**DATA SEGMENT**.
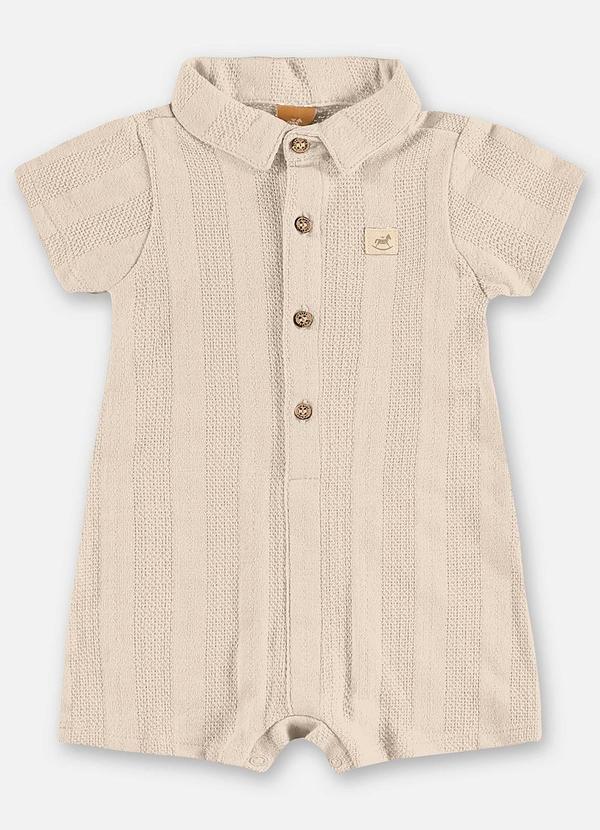 Up Baby - Macaquinho Malha Tricot Bebê Bege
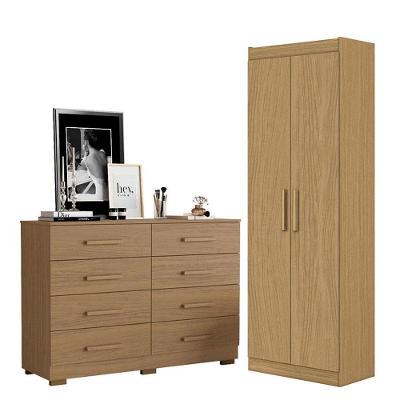 Cômoda e Armário Multiuso 2014148 2000191 8 Gavetas em MDF Puxador em MDF Amadeirado
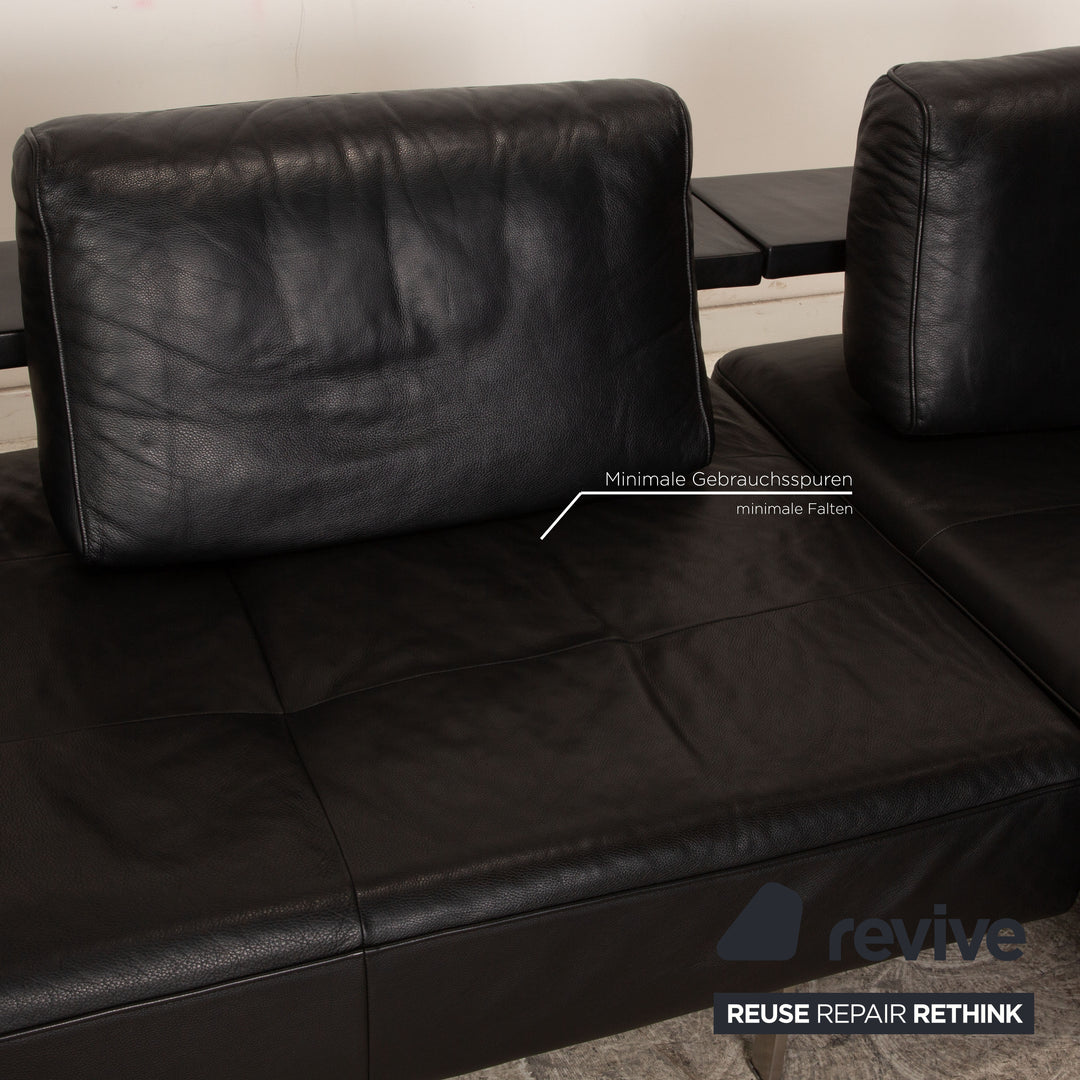 Rolf Benz Dono Leather Corner Sofa Black Recamiere Right Sofa Couch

**AIM OF THE EXERCISE**. Once the pictures are set aside, transcribe the remaining lines above exactly.

**FINISHED TASK**.
 Up Baby - Macaquinho Malha Tricot Bebê Bege
 Cômoda e Armário Multiuso 2014148 2000191 8 Gavetas em MDF Puxador em MDF Amadeirado
 Rolf Benz Dono Leather Corner Sofa Black Recamiere Right Sofa Couch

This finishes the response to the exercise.